Consider the following Markov chain:
\begin{equation} X^n \rightarrow W \rightarrow Y^n \end{equation}
The notation $X^n$ is read as $X^n := (X_1, X_2, \ldots, X_n)$. Let $W$ take values in a set of cardinality $2^{nR}$ and let $X_1, X_2, \ldots, X_n$ be distributed independently according to $X$. I am interested in whether the following statement is true:
\begin{equation} \max_i I(X_i;Y_i) \leq R \end{equation}
Note that proving
\begin{equation} \min_i I(X_i;Y_i) \leq R \end{equation}
is fairly straight-forward.
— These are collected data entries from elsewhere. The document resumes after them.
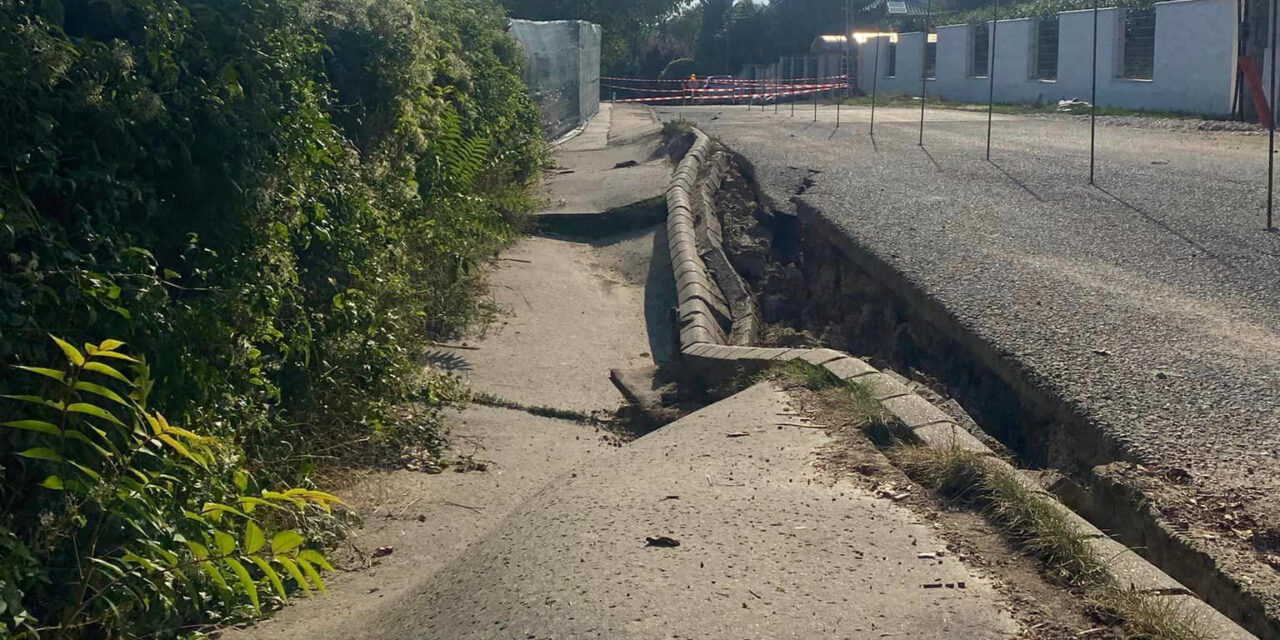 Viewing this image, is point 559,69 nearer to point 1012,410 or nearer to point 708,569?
point 1012,410

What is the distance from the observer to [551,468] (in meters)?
6.12

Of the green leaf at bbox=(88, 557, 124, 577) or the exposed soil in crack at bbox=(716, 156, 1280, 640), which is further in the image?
the exposed soil in crack at bbox=(716, 156, 1280, 640)

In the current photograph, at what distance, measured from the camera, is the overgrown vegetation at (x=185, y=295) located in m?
3.23

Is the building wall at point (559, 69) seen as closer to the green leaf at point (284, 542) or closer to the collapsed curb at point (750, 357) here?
the collapsed curb at point (750, 357)

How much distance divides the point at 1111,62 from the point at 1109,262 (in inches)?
949

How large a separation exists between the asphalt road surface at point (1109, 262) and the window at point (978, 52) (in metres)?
21.9

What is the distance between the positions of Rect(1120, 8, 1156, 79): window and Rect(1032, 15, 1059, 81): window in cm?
324

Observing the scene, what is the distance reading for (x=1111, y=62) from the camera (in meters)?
30.1

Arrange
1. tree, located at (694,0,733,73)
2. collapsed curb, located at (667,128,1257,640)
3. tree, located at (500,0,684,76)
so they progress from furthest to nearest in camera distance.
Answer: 1. tree, located at (694,0,733,73)
2. tree, located at (500,0,684,76)
3. collapsed curb, located at (667,128,1257,640)

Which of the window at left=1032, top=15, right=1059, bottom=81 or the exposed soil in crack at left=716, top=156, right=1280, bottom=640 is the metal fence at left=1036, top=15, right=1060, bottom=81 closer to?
the window at left=1032, top=15, right=1059, bottom=81

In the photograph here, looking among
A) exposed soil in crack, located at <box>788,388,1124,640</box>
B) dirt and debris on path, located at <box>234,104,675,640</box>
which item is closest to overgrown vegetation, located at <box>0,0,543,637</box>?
dirt and debris on path, located at <box>234,104,675,640</box>

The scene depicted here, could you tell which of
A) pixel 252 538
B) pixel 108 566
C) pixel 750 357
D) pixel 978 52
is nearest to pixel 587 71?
pixel 978 52

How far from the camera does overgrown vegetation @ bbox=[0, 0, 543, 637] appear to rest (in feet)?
10.6

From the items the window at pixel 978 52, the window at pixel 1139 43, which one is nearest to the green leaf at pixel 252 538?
the window at pixel 1139 43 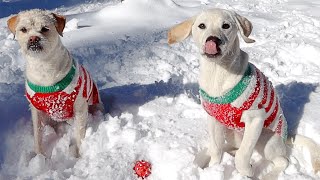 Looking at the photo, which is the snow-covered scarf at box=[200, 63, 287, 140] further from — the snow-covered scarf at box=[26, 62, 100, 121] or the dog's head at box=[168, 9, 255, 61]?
the snow-covered scarf at box=[26, 62, 100, 121]

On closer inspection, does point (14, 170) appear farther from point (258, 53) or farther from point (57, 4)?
point (57, 4)

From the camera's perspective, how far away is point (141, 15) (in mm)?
6355

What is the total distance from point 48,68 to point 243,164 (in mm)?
1632

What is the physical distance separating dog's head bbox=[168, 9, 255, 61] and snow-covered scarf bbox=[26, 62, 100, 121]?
105 cm

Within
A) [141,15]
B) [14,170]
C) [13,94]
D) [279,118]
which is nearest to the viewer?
[279,118]

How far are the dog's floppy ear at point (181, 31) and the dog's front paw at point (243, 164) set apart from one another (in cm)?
91

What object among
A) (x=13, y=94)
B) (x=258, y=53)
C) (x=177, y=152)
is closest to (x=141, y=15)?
(x=258, y=53)

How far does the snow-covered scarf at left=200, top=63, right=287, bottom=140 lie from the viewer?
307 centimetres

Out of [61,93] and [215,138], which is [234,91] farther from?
[61,93]

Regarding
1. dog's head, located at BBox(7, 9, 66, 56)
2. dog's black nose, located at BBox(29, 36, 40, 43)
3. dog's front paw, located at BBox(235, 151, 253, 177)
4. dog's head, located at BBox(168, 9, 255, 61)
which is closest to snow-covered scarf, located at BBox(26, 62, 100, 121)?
dog's head, located at BBox(7, 9, 66, 56)

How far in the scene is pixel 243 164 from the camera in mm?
3168

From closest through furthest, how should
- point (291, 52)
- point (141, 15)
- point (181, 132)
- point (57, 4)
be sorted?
point (181, 132), point (291, 52), point (141, 15), point (57, 4)

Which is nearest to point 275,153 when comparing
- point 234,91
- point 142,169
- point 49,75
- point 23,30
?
point 234,91

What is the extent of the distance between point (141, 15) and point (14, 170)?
3399mm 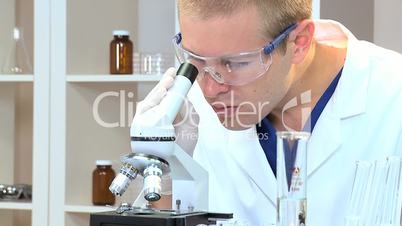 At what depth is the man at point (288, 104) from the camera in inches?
49.3

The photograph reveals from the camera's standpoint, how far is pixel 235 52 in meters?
1.21

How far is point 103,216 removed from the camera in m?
0.97

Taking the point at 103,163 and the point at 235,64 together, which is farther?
the point at 103,163

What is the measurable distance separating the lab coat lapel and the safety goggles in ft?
0.97

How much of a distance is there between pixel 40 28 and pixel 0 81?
0.31 metres

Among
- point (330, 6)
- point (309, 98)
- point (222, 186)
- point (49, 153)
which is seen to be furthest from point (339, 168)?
point (49, 153)

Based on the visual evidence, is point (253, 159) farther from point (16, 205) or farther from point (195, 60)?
point (16, 205)

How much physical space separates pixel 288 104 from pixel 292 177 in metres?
0.64

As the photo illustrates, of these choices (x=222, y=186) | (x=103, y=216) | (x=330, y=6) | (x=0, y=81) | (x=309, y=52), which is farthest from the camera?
(x=0, y=81)

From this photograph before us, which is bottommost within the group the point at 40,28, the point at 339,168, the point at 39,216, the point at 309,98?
the point at 39,216

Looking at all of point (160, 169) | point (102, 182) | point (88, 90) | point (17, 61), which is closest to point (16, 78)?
point (17, 61)

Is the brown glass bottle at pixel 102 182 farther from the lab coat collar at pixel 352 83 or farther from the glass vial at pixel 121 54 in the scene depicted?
the lab coat collar at pixel 352 83

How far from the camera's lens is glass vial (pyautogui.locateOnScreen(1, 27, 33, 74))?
2547 mm

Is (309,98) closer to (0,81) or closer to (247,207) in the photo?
(247,207) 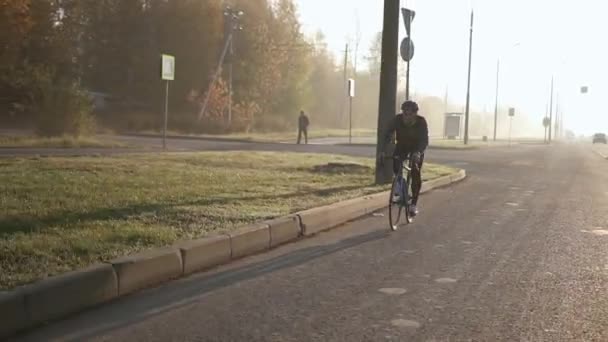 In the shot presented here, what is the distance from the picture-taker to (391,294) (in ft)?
17.3

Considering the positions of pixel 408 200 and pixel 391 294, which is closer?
pixel 391 294

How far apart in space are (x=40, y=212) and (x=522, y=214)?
755 cm

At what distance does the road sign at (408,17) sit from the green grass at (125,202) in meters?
3.71

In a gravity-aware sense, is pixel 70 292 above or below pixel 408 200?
below

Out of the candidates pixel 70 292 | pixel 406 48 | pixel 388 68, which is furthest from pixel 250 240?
pixel 406 48

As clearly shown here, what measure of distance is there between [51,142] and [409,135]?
51.5 ft

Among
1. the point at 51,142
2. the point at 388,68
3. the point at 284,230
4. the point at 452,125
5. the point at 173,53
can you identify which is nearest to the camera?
the point at 284,230

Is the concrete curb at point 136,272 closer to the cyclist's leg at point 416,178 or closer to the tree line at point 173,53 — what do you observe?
the cyclist's leg at point 416,178

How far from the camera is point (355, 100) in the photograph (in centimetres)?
10069

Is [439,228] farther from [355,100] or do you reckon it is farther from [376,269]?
[355,100]

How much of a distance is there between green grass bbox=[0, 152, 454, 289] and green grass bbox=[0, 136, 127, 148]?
22.7ft

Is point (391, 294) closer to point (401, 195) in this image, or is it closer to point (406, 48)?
point (401, 195)

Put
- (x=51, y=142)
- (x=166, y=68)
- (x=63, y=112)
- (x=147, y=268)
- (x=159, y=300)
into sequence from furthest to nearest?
1. (x=63, y=112)
2. (x=51, y=142)
3. (x=166, y=68)
4. (x=147, y=268)
5. (x=159, y=300)

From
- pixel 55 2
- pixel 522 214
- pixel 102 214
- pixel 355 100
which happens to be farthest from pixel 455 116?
pixel 102 214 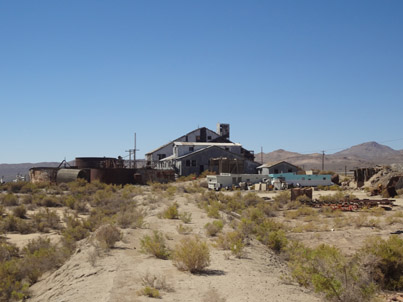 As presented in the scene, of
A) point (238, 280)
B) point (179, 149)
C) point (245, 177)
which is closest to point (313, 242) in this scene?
point (238, 280)

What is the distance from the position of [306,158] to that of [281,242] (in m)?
166

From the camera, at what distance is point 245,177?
41.1 meters

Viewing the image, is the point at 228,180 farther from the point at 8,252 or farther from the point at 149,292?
the point at 149,292

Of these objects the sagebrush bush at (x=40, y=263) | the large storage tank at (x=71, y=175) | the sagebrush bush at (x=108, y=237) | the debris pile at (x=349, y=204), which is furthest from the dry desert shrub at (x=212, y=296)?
the large storage tank at (x=71, y=175)

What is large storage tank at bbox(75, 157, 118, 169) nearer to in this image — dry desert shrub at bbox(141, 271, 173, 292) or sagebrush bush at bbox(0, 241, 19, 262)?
sagebrush bush at bbox(0, 241, 19, 262)

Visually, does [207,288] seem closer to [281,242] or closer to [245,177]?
[281,242]

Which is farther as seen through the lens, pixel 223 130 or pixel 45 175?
pixel 223 130

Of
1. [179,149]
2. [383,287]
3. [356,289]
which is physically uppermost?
[179,149]

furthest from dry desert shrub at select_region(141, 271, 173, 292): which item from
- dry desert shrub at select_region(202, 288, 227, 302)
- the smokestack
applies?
the smokestack

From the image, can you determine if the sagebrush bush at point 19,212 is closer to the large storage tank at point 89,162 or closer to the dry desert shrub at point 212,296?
the dry desert shrub at point 212,296

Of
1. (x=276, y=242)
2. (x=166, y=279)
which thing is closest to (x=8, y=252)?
(x=166, y=279)

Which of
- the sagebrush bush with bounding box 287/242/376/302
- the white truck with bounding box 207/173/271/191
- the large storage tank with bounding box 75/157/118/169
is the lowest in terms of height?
the sagebrush bush with bounding box 287/242/376/302

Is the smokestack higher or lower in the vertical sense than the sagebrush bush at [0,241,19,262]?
higher

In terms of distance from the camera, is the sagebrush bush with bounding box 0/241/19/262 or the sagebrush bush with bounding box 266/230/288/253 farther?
the sagebrush bush with bounding box 266/230/288/253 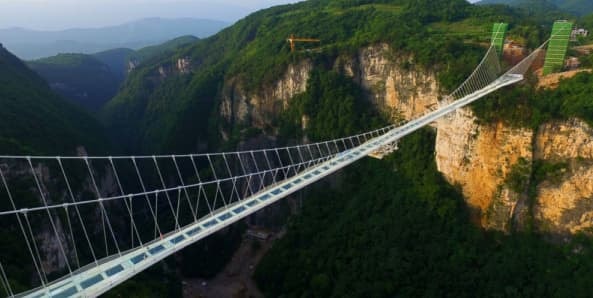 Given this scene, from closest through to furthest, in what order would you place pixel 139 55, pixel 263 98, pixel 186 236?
pixel 186 236 → pixel 263 98 → pixel 139 55

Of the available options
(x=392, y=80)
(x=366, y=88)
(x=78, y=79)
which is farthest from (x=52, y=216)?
(x=78, y=79)

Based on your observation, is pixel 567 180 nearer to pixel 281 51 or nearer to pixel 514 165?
pixel 514 165

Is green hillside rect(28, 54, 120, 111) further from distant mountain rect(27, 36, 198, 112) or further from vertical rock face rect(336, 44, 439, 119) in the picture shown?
vertical rock face rect(336, 44, 439, 119)

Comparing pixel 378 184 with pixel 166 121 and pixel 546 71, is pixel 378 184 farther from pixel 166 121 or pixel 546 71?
pixel 166 121

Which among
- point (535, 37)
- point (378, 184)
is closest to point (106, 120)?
point (378, 184)

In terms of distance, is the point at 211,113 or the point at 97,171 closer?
the point at 97,171

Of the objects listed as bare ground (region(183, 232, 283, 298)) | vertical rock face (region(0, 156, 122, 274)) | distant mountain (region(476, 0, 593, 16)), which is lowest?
bare ground (region(183, 232, 283, 298))

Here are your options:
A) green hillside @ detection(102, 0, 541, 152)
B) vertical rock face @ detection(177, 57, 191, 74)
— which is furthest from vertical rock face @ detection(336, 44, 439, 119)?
vertical rock face @ detection(177, 57, 191, 74) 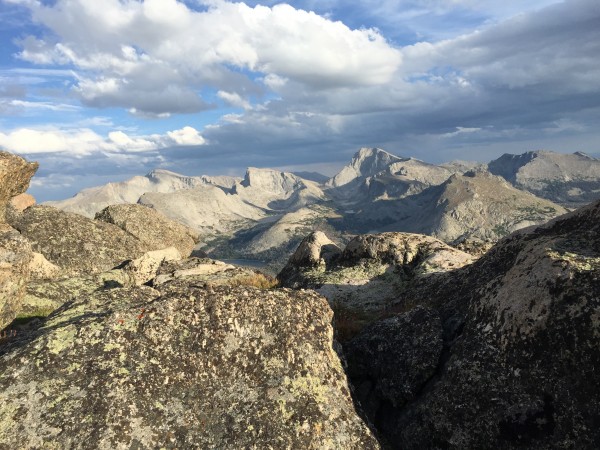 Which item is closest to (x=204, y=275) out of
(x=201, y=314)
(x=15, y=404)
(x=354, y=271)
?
(x=354, y=271)

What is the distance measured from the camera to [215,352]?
1257cm

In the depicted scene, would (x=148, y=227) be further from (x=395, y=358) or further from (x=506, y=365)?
(x=506, y=365)

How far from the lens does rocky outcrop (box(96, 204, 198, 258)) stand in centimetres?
3764

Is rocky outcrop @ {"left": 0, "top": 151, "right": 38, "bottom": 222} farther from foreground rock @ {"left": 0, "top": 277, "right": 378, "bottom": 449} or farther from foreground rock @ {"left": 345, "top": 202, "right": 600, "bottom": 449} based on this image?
foreground rock @ {"left": 345, "top": 202, "right": 600, "bottom": 449}

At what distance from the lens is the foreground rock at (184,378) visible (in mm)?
10406

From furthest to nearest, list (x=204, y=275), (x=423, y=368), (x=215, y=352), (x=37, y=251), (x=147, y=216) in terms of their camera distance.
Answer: (x=147, y=216)
(x=37, y=251)
(x=204, y=275)
(x=423, y=368)
(x=215, y=352)

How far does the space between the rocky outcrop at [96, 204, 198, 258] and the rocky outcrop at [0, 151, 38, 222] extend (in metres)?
10.7

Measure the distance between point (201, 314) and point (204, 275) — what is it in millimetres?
13551

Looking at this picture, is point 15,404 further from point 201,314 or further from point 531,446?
point 531,446

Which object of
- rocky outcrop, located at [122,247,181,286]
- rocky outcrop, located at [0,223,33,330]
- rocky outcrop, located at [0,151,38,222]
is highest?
rocky outcrop, located at [0,151,38,222]

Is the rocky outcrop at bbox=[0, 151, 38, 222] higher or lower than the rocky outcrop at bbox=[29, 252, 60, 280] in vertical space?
higher

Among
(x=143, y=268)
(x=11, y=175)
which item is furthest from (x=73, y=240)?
(x=11, y=175)

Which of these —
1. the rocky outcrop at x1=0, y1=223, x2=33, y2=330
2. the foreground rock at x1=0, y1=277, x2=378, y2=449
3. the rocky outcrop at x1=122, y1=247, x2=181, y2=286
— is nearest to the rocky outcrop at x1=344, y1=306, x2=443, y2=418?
the foreground rock at x1=0, y1=277, x2=378, y2=449

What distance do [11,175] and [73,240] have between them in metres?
8.07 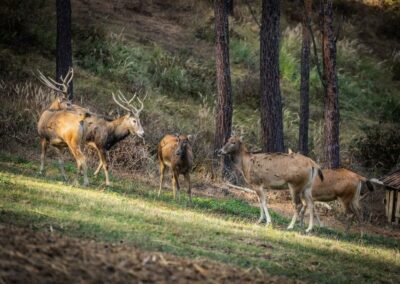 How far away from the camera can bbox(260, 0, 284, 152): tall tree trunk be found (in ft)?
72.9

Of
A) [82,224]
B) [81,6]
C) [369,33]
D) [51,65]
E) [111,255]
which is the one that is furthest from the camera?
[369,33]

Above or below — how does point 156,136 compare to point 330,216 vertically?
above

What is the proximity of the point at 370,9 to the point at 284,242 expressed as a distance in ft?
115

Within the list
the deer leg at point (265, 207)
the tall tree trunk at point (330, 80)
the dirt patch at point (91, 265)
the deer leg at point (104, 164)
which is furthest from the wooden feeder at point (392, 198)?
the dirt patch at point (91, 265)

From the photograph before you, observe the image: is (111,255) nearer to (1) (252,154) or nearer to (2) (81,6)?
(1) (252,154)

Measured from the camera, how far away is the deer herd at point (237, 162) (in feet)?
56.6

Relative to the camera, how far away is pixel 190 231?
13.6 m

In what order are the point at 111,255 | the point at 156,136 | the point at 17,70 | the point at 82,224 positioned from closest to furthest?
the point at 111,255
the point at 82,224
the point at 156,136
the point at 17,70

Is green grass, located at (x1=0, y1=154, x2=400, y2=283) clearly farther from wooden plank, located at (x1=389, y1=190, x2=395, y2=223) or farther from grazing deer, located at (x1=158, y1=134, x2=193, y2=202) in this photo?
wooden plank, located at (x1=389, y1=190, x2=395, y2=223)

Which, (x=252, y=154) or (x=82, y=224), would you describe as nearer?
(x=82, y=224)

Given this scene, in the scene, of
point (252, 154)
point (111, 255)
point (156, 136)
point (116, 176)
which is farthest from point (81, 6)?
point (111, 255)

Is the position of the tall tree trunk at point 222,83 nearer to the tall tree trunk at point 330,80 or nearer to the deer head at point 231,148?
the tall tree trunk at point 330,80

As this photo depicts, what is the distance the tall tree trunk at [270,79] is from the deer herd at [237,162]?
3.74 m

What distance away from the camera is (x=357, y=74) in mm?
39500
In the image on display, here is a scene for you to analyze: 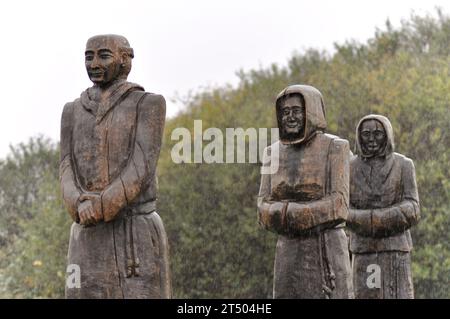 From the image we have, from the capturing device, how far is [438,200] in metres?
37.1

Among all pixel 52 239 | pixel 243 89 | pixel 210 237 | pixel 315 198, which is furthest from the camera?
pixel 243 89

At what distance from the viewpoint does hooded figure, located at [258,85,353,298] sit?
15375 mm

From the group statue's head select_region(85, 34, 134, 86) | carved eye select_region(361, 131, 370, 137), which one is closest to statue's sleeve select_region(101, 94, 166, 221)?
statue's head select_region(85, 34, 134, 86)

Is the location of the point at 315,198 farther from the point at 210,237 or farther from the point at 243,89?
the point at 243,89

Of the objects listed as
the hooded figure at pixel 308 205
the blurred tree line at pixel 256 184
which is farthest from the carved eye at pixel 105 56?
the blurred tree line at pixel 256 184

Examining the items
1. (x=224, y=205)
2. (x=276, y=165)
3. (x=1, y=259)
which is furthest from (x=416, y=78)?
(x=276, y=165)

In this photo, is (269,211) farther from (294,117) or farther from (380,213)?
(380,213)

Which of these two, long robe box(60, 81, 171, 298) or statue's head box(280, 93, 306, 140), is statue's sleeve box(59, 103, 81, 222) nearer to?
long robe box(60, 81, 171, 298)

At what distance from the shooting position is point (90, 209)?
46.9 ft

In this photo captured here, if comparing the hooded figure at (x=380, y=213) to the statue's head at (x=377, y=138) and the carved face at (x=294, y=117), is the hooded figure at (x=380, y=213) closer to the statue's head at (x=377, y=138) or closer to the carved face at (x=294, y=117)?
the statue's head at (x=377, y=138)

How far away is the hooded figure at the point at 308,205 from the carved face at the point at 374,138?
11.0 ft

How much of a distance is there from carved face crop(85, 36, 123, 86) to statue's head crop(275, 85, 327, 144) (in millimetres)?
2274

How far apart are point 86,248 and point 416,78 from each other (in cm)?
2665

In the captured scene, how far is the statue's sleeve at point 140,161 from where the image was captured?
563 inches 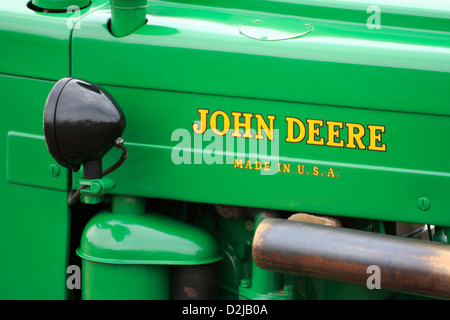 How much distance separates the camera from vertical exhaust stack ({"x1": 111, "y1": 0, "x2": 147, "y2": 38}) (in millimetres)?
2314

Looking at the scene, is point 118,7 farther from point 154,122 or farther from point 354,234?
point 354,234

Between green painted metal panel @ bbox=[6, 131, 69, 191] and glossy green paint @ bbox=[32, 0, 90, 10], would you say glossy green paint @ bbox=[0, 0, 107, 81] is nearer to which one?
glossy green paint @ bbox=[32, 0, 90, 10]

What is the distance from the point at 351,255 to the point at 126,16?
934 mm

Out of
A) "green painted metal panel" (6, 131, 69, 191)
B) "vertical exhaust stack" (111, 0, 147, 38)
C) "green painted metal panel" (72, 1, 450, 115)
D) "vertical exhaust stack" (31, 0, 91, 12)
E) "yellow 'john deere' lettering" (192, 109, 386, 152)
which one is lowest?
"green painted metal panel" (6, 131, 69, 191)

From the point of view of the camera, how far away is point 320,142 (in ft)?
7.29

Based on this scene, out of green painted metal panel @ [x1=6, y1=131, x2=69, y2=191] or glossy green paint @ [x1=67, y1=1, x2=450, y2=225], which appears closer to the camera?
glossy green paint @ [x1=67, y1=1, x2=450, y2=225]

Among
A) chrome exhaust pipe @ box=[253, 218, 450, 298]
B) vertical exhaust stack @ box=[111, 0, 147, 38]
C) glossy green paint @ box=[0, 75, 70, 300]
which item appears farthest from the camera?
glossy green paint @ box=[0, 75, 70, 300]

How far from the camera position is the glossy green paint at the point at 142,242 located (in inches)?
93.1

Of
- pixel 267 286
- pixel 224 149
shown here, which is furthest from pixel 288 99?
pixel 267 286

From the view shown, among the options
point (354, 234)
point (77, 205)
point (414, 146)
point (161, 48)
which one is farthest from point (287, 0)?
point (77, 205)

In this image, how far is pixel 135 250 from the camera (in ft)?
7.75

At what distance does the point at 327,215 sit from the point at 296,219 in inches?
3.5

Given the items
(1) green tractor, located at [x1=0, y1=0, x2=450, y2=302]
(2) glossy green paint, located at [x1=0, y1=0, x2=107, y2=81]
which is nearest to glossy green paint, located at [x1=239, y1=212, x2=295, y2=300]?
(1) green tractor, located at [x1=0, y1=0, x2=450, y2=302]

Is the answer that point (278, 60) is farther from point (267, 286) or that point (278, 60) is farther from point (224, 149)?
point (267, 286) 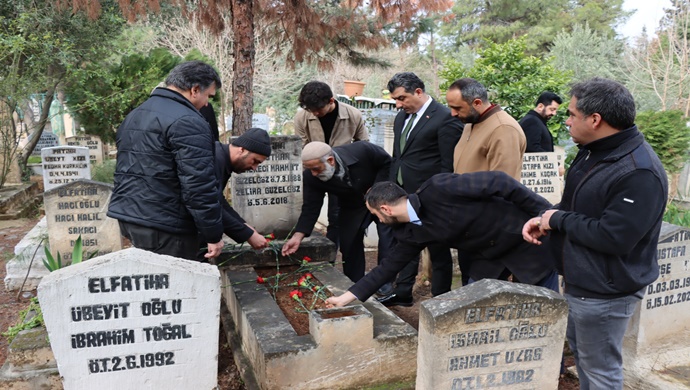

First, by means of the data processing inequality, we can argue that
\begin{equation} I(X^n;Y^n) \leq I(X^n;W) \leq H(W) \leq nR \end{equation}
After that it suffices to produce a lower bound on $I(X^n;Y^n)$ as follows:
\begin{align} I(X^n;Y^n) &= H(X^n) - H(X^n \mid Y^n) \\ &= nH(X) - H(X^n \mid Y^n) \\ &= nH(X) - \sum_{i=1}^n H(X_i \mid X^{i-1}, Y^n) \\ &\geq nH(X) - \sum_{i=1}^n H(X_i \mid Y_i) \\ &= \sum_{i=1}^n I(X_i;Y_i) \\ &\geq n \min_i I(X_i;Y_i) \end{align}
Thus, $nR \geq n \min_i I(X_i;Y_i)$ and the second statement follows. Can we produce a similar result for the first claim?